- PROBLEM TO WORK ON
Once you find the line below that has "Yeni düzenleme için", output it and every line after it exactly, stopping after the line that has "Pokemon - Pikachu", with no pictures.

====== SOURCE RECORDS ======

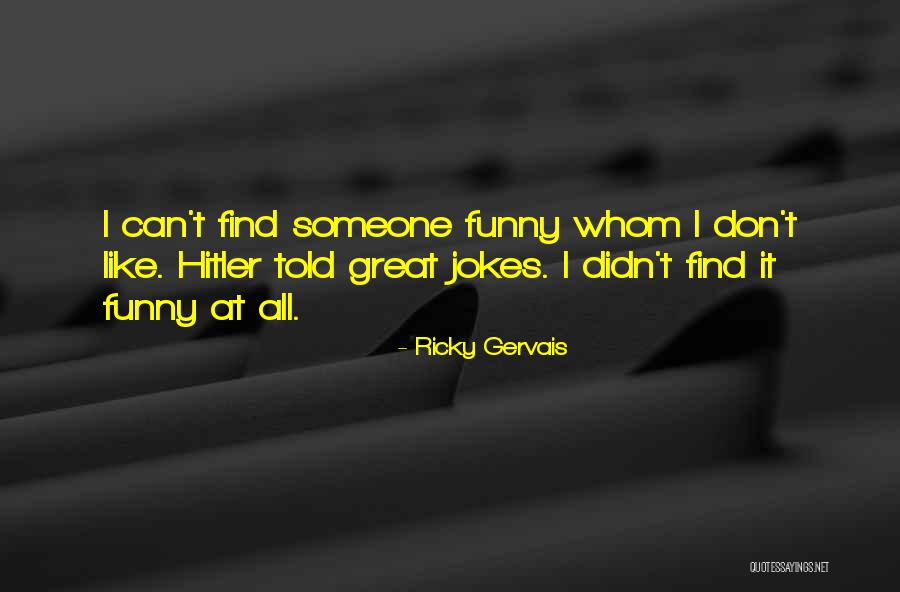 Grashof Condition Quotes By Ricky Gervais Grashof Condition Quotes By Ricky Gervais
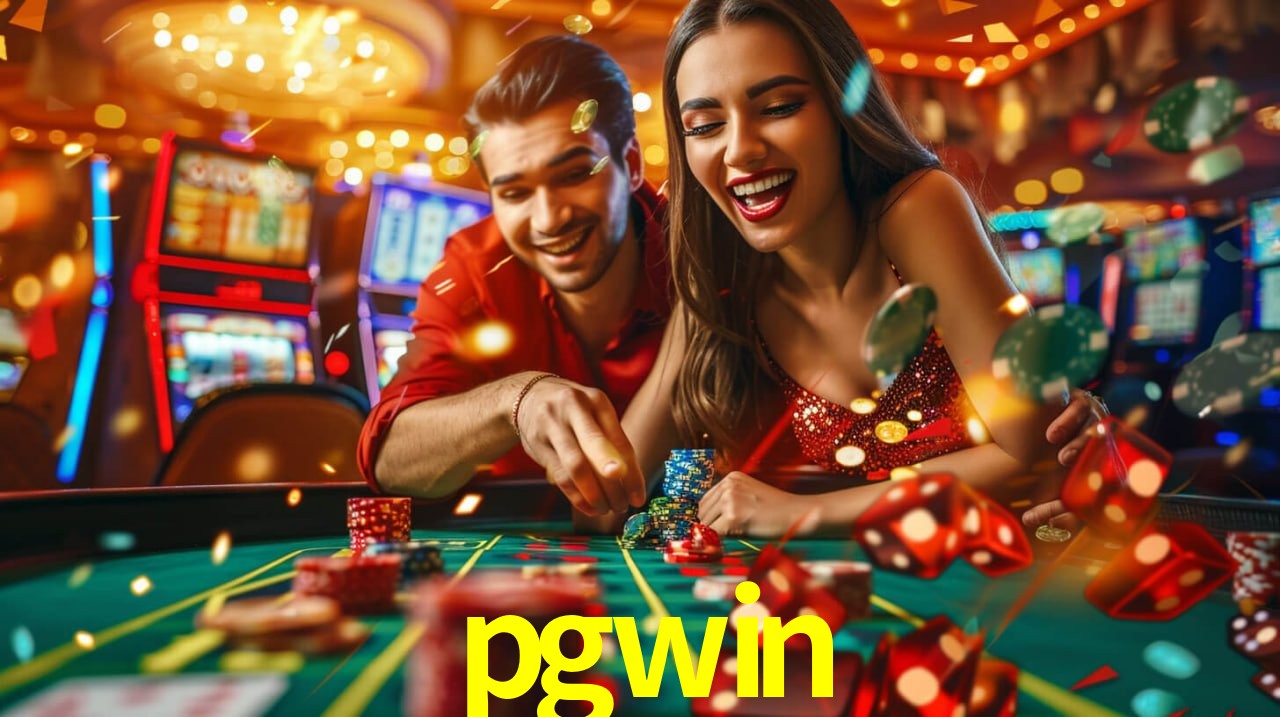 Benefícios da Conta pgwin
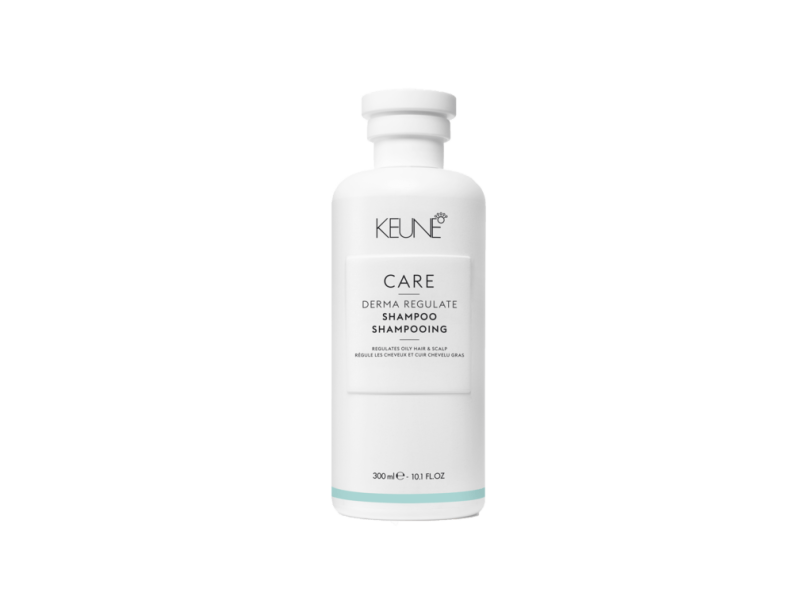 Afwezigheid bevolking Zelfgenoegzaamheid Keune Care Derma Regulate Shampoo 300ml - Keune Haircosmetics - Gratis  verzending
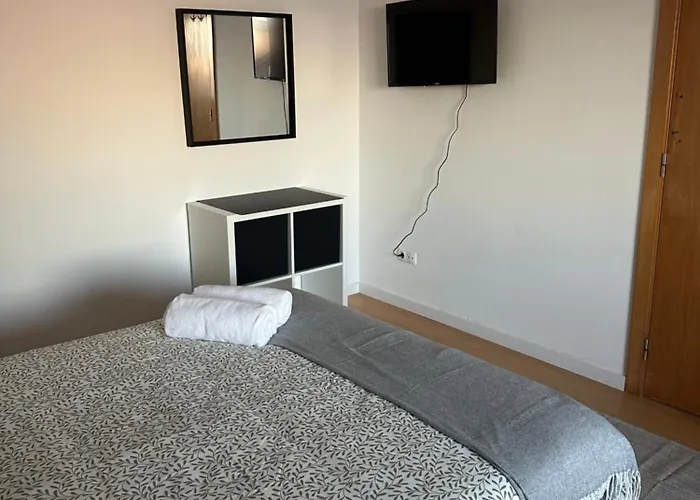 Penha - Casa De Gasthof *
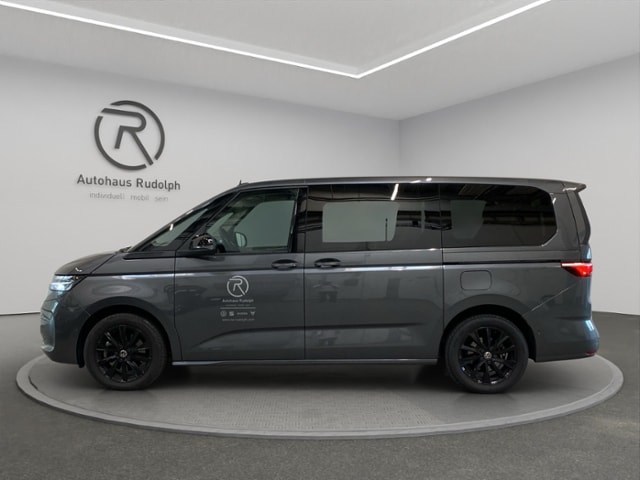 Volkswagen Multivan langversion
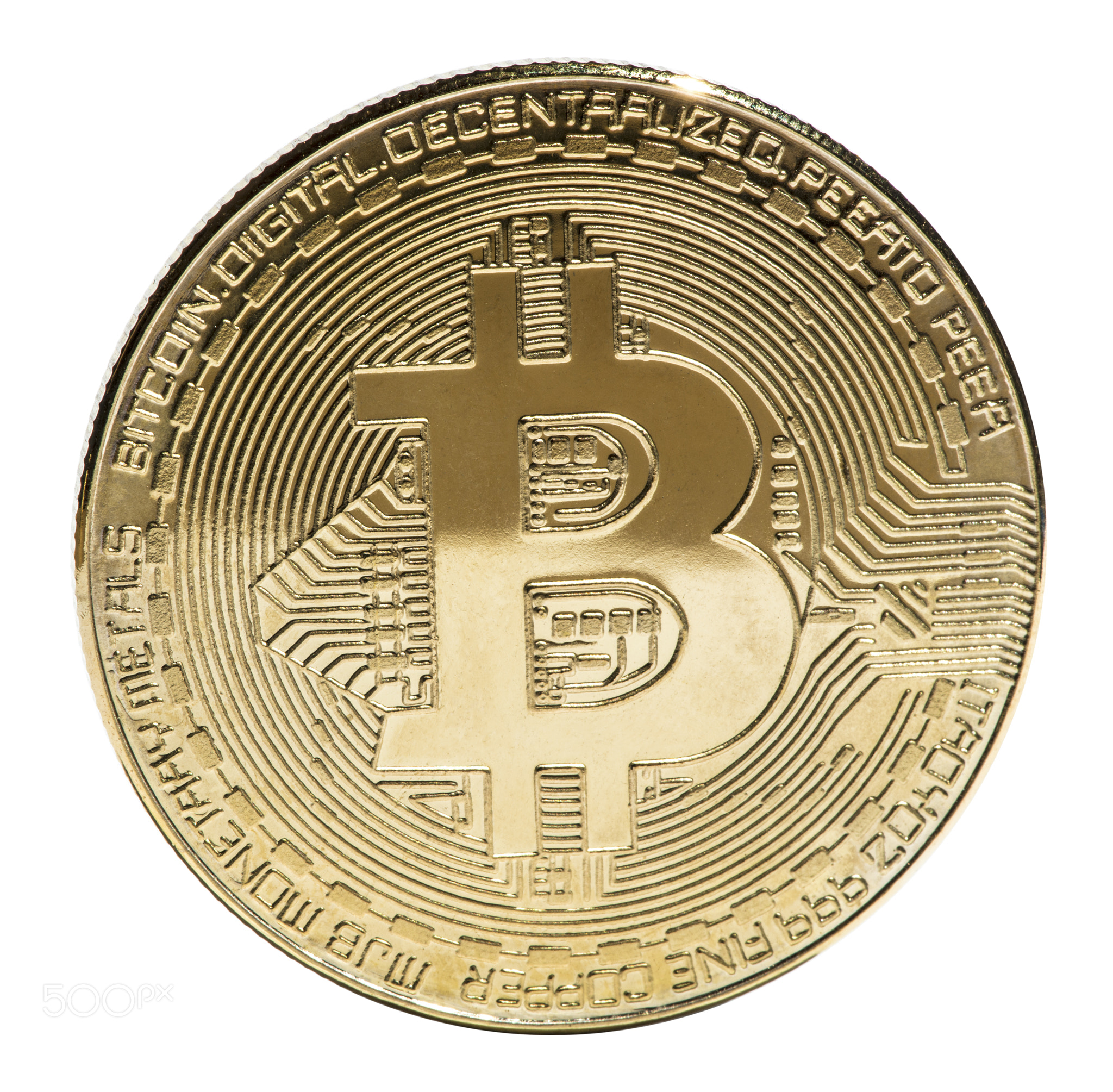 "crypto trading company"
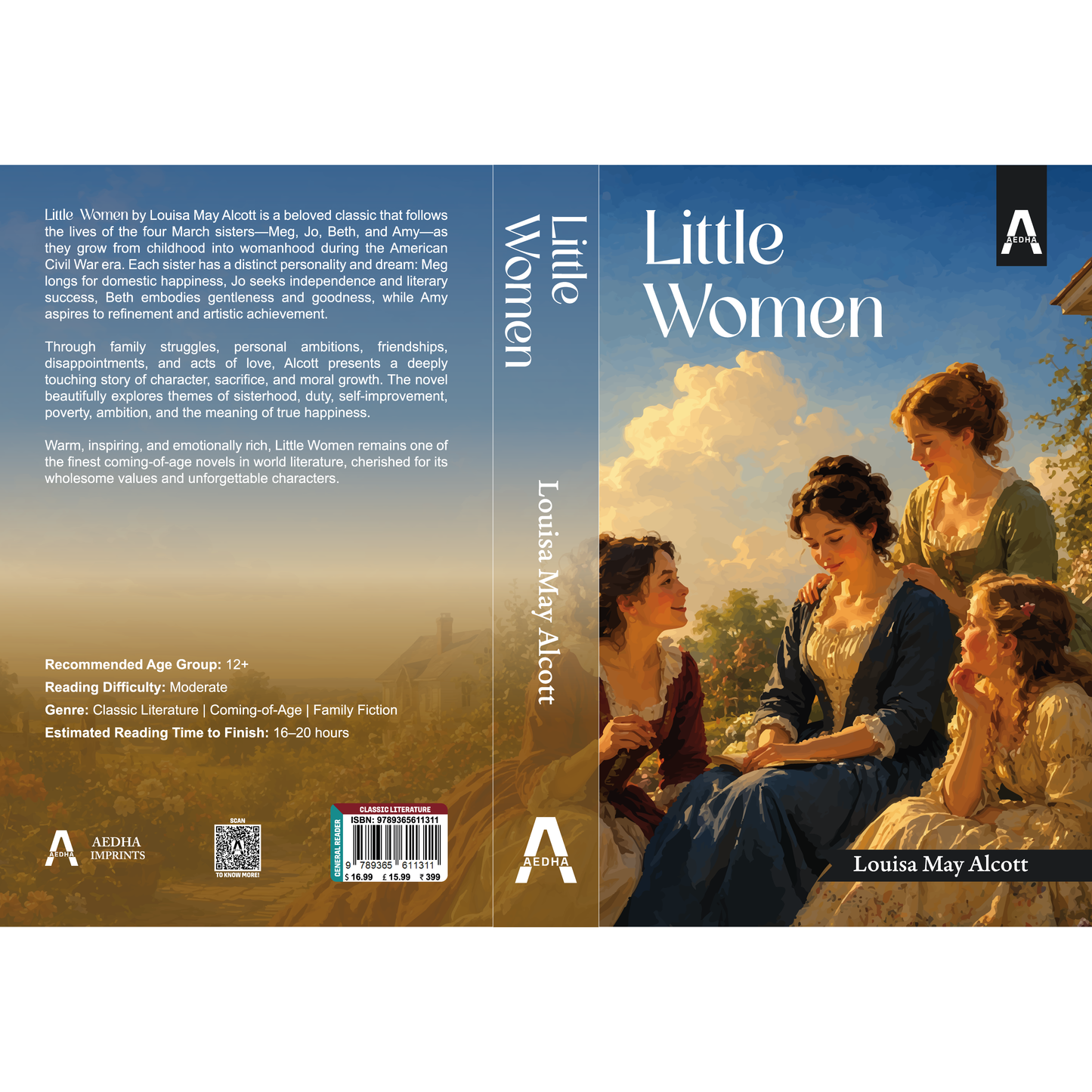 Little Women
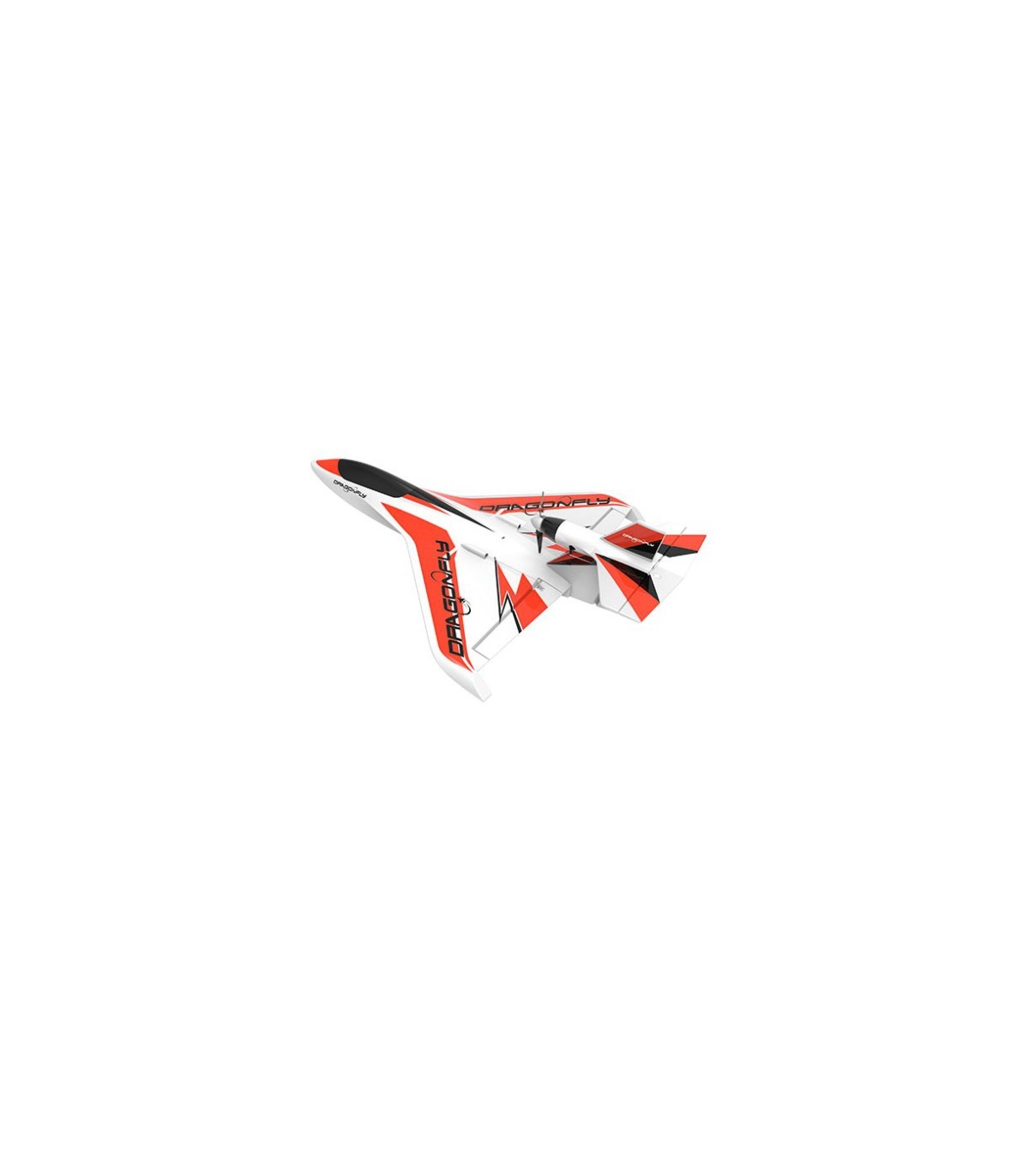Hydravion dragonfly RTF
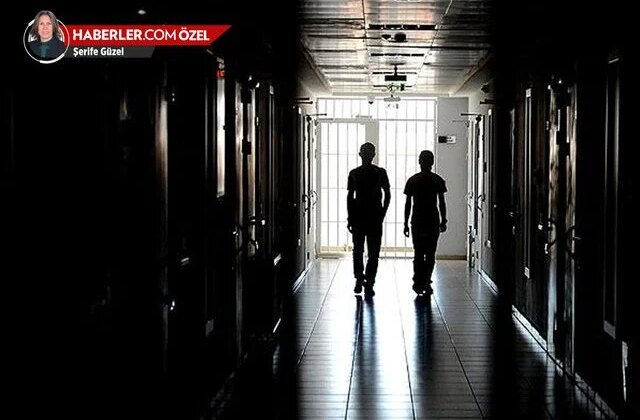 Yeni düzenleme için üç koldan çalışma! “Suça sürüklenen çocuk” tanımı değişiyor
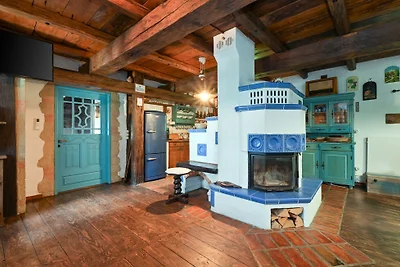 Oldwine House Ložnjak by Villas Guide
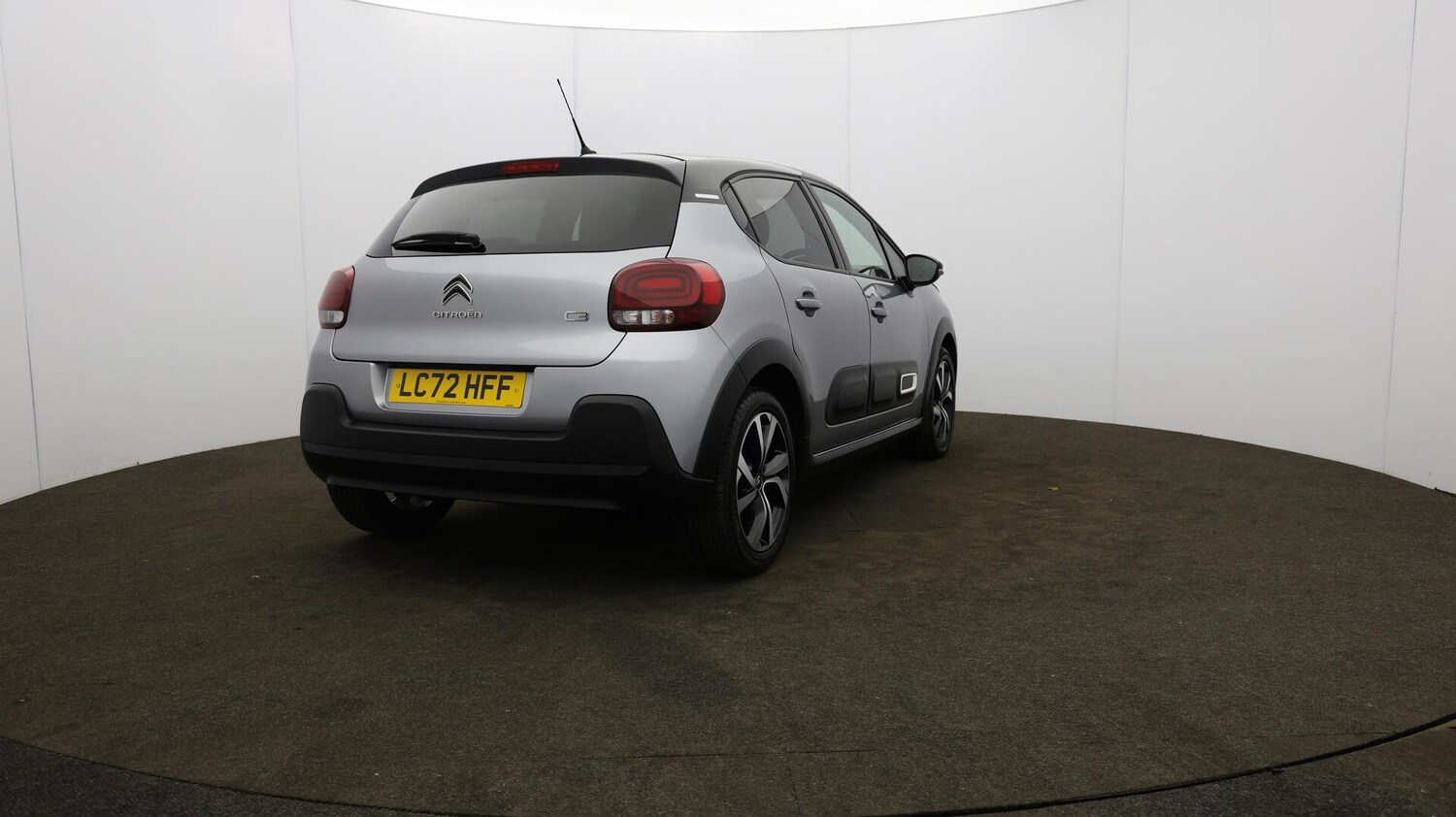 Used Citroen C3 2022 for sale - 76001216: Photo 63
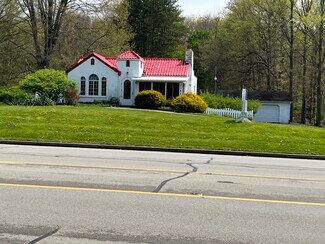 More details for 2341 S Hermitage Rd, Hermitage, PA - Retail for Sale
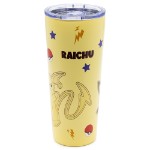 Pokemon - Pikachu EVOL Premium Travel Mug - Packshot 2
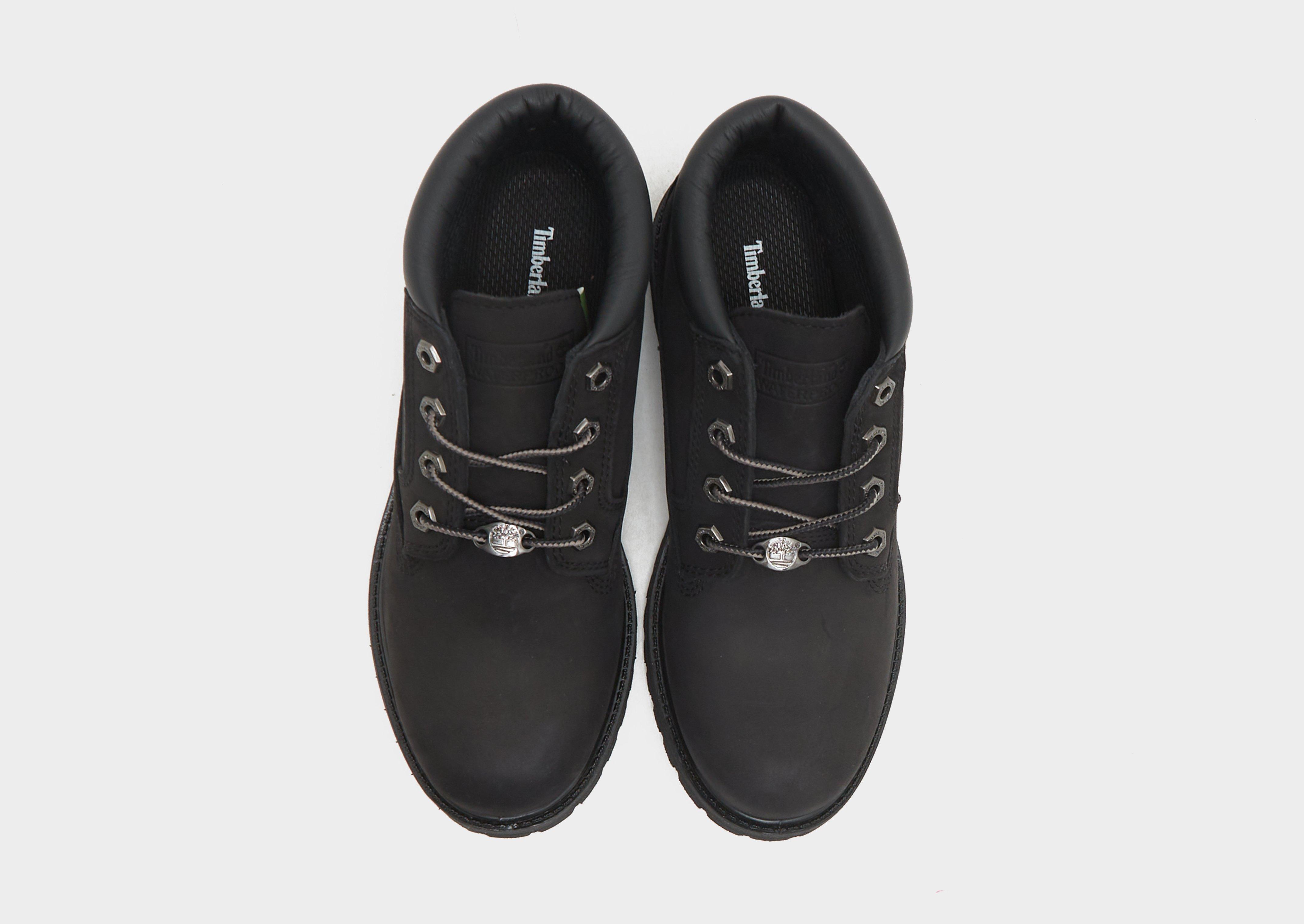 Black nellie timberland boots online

======

- OUTPUT OF THE TASK
 Yeni düzenleme için üç koldan çalışma! “Suça sürüklenen çocuk” tanımı değişiyor
 Oldwine House Ložnjak by Villas Guide
 Used Citroen C3 2022 for sale - 76001216: Photo 63
 More details for 2341 S Hermitage Rd, Hermitage, PA - Retail for Sale
 Pokemon - Pikachu EVOL Premium Travel Mug - Packshot 2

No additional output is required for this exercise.